## ACTIVITY
Work through the listing below and give again exactly the lines from the one with "Blonde long hair" to the one with "TV Cabinet Black", both ends included. All other lines and all pictures stay out.

*** Opening of PROVIDED RECORDS ***

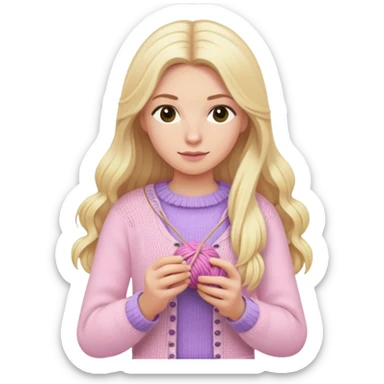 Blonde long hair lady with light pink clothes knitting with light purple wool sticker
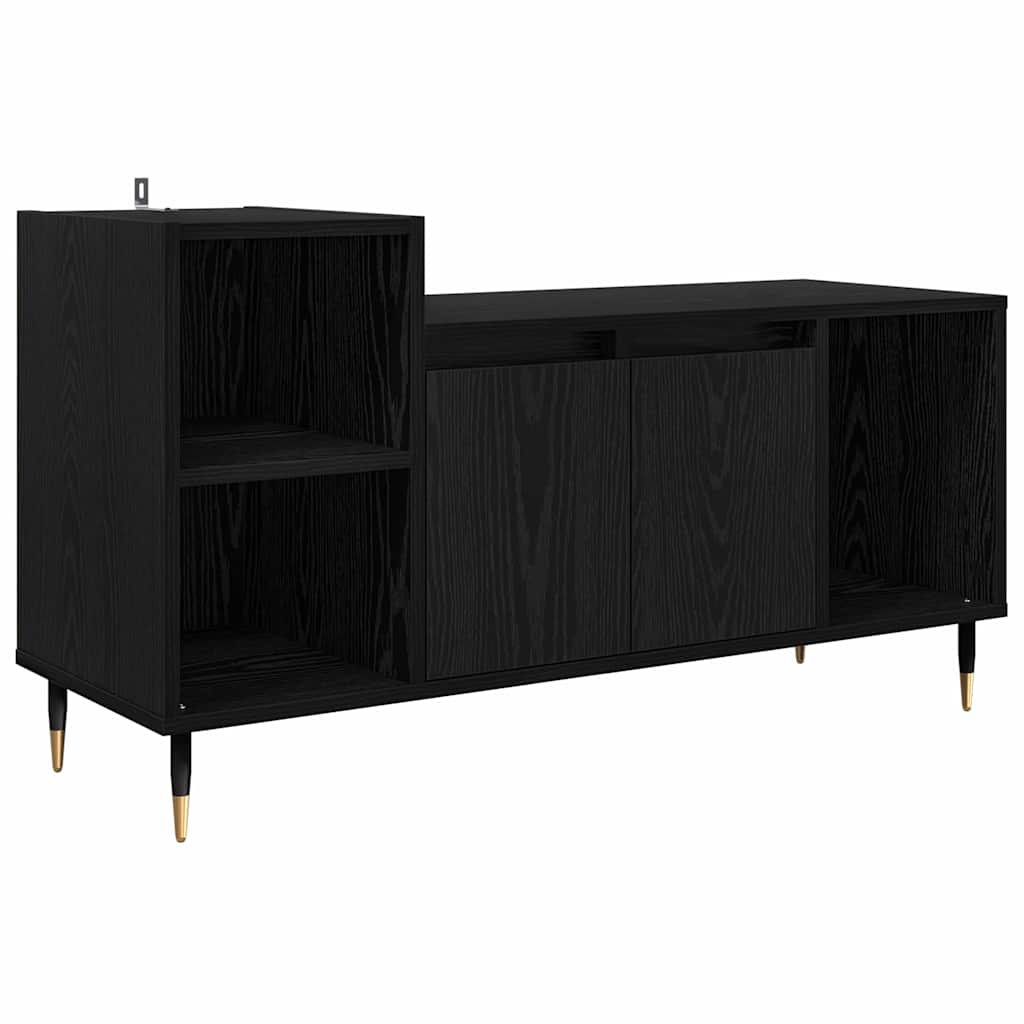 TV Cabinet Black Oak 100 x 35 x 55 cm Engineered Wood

*** Close of PROVIDED RECORDS ***
*** Opening of PROVIDED RECORDS ***

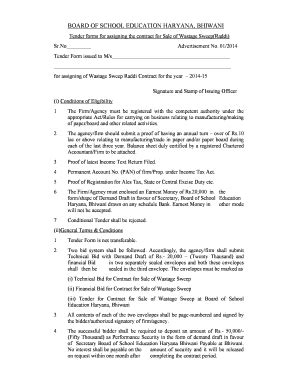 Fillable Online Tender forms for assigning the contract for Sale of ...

*** Close of PROVIDED RECORDS ***

## TASK RESULT
 Blonde long hair lady with light pink clothes knitting with light purple wool sticker
 TV Cabinet Black Oak 100 x 35 x 55 cm Engineered Wood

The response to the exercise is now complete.